Le ministre des Armées Sébastien Lecornu s’est entretenu jeudi pendant une heure avec son homologue russe Sergueï Choïgu.
Le coup de fil pourrait passer pour une reprise de contact. Ce n’est pas le cas officiellement. Toutefois, le ministre des Armées Sébastien Lecornu s’est entretenu jeudi pendant une heure avec son homologue russe Sergueï Choïgu. Les deux hommes ont évoqué l’attentat qui a ravagé Moscou le 22 mars et qui a été revendiqué par l’Etat islamique au Khorasan. Depuis, la Russie cherche à incriminer l’Ukraine, dans le cadre de sa guerre déclenchée en février 2022. »La menace de l’Etat islamique contre la Russie est réelle», confirme au contraire un spécialiste du renseignement européen.
Après avoir condamné cet attentat qui a touché le peuple russe, le chef de l’Etat Emmanuel Macron a rappelé que la France était toujours disposée à partager des informations avec la Russie dans le cadre de la lutte commune contre la menace terroriste. Jeudi, Sébastien Lecornu »a confirmé que la France ne disposait d’aucune information permettant d’établir un lien entre cette attaque et l’Ukraine« . « Il a appelé la Russie à mettre un terme à toute exploitation», a ajouté le ministère dans un communiqué froid et factuel. Pas question de donner le sentiment de soutenir le régime du Kremlin qui cherche à exploiter l’attaque pour accroître son offensive contre Kiev.
Une menace évolutive
Les services de renseignement français sont toujours mobilisés dans la lutte contre le terrorisme, alors que la menace continue d’évoluer. Mais les échanges entre pays, indispensables pour anticiper la menace, sont perturbés par le conflit mené par la Russie contre l’Ukraine. Les services américains avaient néanmoins prévenu leurs homologues russes de la possibilité d’une attaque. Jeudi, le ministre Sébastien Lecornu a rappelé que la France était disposée à continuer de partager des renseignements avec la Russie en matière de lutte contre le terrorisme.

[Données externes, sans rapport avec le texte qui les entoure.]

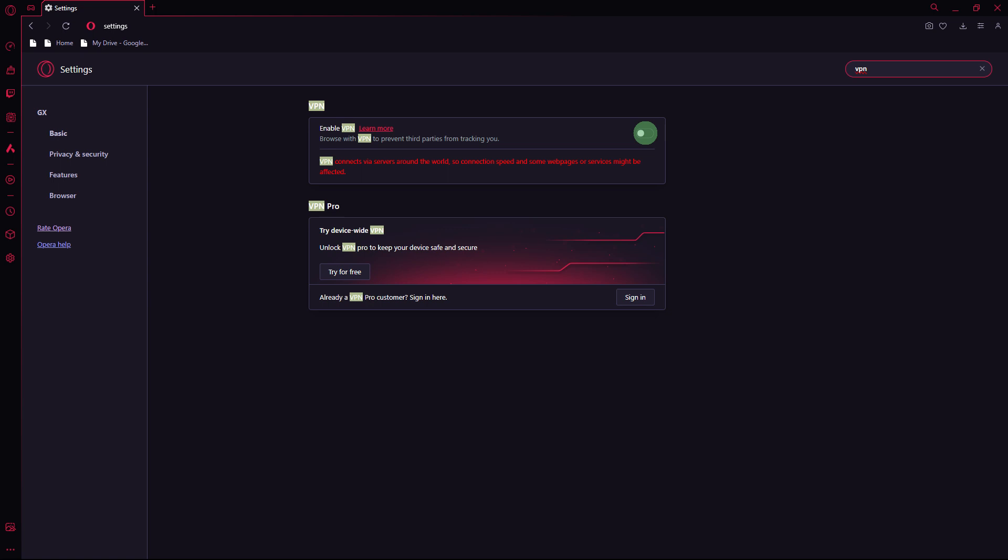Now check for background downloads. Ensure that there are no other applications or devices in your network consuming bandwidth with large downloads or updates.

Le débat ne s’est pas limité au terrorisme. On parlait aussi de la guerre en Ukraine sans connaître les détails de l’échange. Le ministre « a rappelé que la France continuera à soutenir l’Ukraine aussi longtemps et aussi intensément que nécessaire dans son combat pour la liberté et la souveraineté, afin d’apporter la paix et la sécurité sur le continent européen», a indiqué le ministère dans son communiqué. Depuis le début de l’année, la France a changé de ton à l’égard de la Russie, n’excluant plus aucun scénario, au nom de l’ambiguïté stratégique.
Lire aussiAprès ses premiers échecs, le commandement russe a tiré les leçons de la guerre en Ukraine
La dernière conversation entre Sébastien Lecornu et Sergueï Choïgou date du 23 octobre 2022. Elle a eu lieu »à la demande de ce dernier« . Les Occidentaux craignaient alors une escalade nucléaire. Sergueï Choïgu avait « dit qu’il craint une grève de bombe sale par les Ukrainiens sur leur territoire pour rejeter la faute sur la Russie », a expliqué le ministère des Armées, sans croire les affirmations de Moscou. Le dialogue était devenu impossible.
L’appel de jeudi indique que Paris n’a pas complètement renoncé à maintenir un lien avec Moscou. A quelques mois des Jeux olympiques, la France ne veut négliger aucune source potentielle d’information pour prévenir d’éventuels risques pesant sur l’événement. Reste à savoir si la France et la Russie sauront dissocier tous les sujets.